Sommario: 1. Introduzione - 2. Il diritto di sciopero nell’art. 40 Cost. - 3. La delibera della Commissione di Garanzia dell’attuazione della legge sullo sciopero nei servizi pubblici essenziali - 4. L’ordinanza di precettazione ex art. 8 L. 146/1990.
1. Introduzione
Le recenti astensioni dei lavoratori del novembre e dicembre 2023 in ampi settori dei servizi pubblici essenziali hanno posto nuovamente al centro del dibattito il diritto di sciopero in tali servizi e, in particolare, la sua regolamentazione anche attraverso provvedimenti amministrativi emanati dalle competenti Autorità: Commissione di Garanzia per l’applicazione della L. 146/1990 e Pubbliche Amministrazione di riferimento per i singoli servizi.

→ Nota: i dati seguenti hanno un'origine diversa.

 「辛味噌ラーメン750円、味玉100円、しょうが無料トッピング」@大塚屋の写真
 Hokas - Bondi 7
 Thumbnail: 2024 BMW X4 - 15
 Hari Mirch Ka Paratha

L’attenzione si è, in particolare, concentrata sul servizio di trasporto pubblico, nazionale e locale, anche in ragione dei diversi interventi del Ministero competente con ordinanze di precettazione e regolamentazione in senso restrittivo rispetto alle proclamazioni comunicate dalle OO.SS., precedute da delibere regolatrici della Commissione di Garanzia, parimenti limitative.
Il numero[1] e il tenore dei recenti provvedimenti è, dunque, occasione per tornare a riflettere sullo sciopero nei servizi pubblici essenziali e sul necessario contemperamento tra lo stesso e i diritti della persona su cui inevitabilmente incidono.

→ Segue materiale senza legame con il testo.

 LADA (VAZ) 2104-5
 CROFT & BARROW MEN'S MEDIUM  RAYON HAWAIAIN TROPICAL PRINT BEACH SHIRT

É noto, infatti, che il Legislatore ha disciplinato l’istituto con la L. 146/1990, integrata dalla L. 83/2000, che rappresenta - nel contesto europeo - una delle norme più restrittive. La legge del 1990, tuttavia, ha come incipit un articolo 1 che, dopo aver individuato i servizi pubblici essenziali in “quelli volti a garantire i diritti della persona costituzionalmente tutelati” (alla vita alla salute alla libertà e alla sicurezza, alla liberà di circolazione, all’assistenza e previdenza sociale, all’istruzione e alla libertà di comunicazione), esplicita al comma 2 la ratio dell’intera disciplina, individuandola nella necessità di “contemperare l’esercizio del diritto di sciopero con il godimento dei diritti della persona …di cui al comma 1”.
2. Il diritto di sciopero nell’art. 40 Cost.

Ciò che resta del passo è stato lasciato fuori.